December alone saw a series of consequential announcements that lay the groundwork for deep emissions reductions. The draft regulations to reduce methane emissions, announced in early December, aim to reduce the release of this potent planet-warming pollutant from the upstream oil and gas sector by 75 per cent below 2012 levels by 2030: this is a big deal. Reducing methane is widely considered one of the cheapest and most effective ways to cut fossil fuel pollution, and because methane only sticks around for about 12 years in the atmosphere, getting a handle on methane can help with the severity of climate effects in the short term.
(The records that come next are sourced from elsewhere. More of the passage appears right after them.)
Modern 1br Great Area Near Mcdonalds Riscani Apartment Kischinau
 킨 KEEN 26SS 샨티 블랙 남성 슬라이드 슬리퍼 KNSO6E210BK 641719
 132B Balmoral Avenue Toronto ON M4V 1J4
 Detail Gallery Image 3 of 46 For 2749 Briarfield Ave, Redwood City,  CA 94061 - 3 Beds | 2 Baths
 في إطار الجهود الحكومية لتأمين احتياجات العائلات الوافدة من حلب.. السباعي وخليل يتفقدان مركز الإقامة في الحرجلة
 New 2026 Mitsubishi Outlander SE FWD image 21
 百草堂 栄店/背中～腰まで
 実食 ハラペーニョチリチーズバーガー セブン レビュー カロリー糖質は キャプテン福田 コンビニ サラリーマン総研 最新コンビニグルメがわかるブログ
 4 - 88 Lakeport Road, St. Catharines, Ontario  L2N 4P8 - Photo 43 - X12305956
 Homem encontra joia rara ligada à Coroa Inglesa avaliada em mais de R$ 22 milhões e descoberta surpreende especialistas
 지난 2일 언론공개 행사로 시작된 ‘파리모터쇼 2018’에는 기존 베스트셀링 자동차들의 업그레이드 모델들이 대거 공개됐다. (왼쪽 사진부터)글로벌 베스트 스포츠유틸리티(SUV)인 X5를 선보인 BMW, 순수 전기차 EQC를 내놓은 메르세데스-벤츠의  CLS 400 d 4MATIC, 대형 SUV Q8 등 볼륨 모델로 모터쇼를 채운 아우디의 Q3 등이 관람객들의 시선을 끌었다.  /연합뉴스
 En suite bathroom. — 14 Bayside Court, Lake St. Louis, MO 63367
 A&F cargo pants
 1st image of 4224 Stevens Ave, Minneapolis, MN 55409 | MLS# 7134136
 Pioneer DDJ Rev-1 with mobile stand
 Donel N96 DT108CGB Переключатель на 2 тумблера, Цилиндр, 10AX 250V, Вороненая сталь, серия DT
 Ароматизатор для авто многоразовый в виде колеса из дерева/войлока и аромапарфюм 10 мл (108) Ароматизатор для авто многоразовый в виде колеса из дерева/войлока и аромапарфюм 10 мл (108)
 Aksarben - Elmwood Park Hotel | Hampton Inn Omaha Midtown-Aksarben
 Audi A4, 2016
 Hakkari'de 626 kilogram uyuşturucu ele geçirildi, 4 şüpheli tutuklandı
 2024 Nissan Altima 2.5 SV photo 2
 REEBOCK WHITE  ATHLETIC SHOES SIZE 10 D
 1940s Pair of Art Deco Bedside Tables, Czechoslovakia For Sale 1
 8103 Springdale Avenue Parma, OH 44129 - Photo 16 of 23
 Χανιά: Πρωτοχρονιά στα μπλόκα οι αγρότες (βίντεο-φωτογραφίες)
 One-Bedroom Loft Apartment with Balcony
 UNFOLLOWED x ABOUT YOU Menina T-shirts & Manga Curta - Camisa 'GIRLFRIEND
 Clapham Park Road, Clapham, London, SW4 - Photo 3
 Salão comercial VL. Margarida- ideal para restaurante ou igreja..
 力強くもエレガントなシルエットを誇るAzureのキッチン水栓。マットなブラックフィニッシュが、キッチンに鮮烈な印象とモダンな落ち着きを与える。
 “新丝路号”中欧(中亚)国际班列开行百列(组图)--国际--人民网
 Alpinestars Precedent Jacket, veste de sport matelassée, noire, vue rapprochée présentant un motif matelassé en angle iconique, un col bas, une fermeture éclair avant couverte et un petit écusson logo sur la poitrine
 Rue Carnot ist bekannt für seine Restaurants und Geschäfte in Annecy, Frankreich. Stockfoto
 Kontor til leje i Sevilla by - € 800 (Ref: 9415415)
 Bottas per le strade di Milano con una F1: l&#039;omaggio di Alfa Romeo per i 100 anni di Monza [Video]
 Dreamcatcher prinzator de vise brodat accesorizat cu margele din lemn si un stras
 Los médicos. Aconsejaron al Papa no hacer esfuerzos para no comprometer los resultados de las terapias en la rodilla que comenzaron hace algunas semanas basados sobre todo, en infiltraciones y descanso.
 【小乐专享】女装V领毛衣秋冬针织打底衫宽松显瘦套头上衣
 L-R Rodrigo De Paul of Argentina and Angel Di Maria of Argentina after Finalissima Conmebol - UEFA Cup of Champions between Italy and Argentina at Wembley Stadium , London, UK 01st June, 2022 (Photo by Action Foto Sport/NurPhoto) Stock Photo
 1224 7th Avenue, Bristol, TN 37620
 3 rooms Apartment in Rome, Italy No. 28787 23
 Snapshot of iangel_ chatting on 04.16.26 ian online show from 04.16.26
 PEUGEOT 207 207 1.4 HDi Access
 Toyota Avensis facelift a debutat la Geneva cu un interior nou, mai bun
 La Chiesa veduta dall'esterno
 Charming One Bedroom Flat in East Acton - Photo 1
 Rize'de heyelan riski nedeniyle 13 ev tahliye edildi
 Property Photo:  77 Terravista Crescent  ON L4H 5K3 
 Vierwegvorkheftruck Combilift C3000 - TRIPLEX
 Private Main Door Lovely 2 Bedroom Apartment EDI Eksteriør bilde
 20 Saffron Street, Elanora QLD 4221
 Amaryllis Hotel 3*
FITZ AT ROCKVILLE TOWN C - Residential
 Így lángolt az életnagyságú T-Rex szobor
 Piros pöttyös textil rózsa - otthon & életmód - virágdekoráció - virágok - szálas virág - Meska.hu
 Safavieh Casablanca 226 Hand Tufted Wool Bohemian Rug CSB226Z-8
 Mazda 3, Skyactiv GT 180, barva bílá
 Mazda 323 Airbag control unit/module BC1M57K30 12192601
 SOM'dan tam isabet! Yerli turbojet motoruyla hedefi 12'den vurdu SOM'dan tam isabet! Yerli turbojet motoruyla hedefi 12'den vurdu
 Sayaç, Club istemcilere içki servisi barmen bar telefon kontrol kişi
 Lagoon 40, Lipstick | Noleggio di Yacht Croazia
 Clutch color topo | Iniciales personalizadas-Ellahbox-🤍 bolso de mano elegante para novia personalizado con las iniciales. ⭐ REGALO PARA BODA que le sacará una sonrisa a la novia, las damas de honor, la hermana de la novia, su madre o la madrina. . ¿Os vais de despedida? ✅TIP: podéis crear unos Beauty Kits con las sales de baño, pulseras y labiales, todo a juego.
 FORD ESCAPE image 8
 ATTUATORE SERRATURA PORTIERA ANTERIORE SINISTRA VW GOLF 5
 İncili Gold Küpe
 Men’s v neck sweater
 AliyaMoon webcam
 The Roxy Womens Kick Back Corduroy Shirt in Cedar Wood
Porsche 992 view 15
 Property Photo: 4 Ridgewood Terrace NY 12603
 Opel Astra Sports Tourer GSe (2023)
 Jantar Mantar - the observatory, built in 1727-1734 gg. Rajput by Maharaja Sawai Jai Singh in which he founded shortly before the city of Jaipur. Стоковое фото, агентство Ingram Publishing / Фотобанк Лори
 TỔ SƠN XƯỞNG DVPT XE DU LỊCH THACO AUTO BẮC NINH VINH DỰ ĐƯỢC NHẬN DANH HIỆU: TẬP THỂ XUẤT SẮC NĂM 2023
The methane regulations were an important stepping stone to what came immediately after: namely the regulatory framework for the oil and gas sector emissions cap, which outlined an approach to the sector that is both reasonable and necessary. Oil and gas production is the single biggest and stubbornly still growing source of heat-trapping pollution in the country, and the sector’s backsliding is wiping out climate progress in other parts of the economy.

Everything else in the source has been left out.